◆ Problem statement ◆
Please copy out each line of the entries in which "have" appears.

[Stored data — start]

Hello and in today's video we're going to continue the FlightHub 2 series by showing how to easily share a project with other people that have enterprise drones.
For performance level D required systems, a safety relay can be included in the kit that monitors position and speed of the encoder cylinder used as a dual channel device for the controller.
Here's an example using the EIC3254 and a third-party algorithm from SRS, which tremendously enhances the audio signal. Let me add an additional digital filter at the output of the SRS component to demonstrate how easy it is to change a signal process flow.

[Stored data — finish]
[Stored data — start]

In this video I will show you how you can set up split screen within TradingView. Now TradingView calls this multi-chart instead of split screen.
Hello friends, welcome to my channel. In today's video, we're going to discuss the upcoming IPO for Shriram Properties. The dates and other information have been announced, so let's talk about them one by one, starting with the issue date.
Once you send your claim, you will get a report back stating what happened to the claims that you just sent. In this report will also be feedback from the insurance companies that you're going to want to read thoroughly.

[Stored data — finish]

◆ Task answer ◆
Hello and in today's video we're going to continue the FlightHub 2 series by showing how to easily share a project with other people that have enterprise drones.
Hello friends, welcome to my channel. In today's video, we're going to discuss the upcoming IPO for Shriram Properties. The dates and other information have been announced, so let's talk about them one by one, starting with the issue date.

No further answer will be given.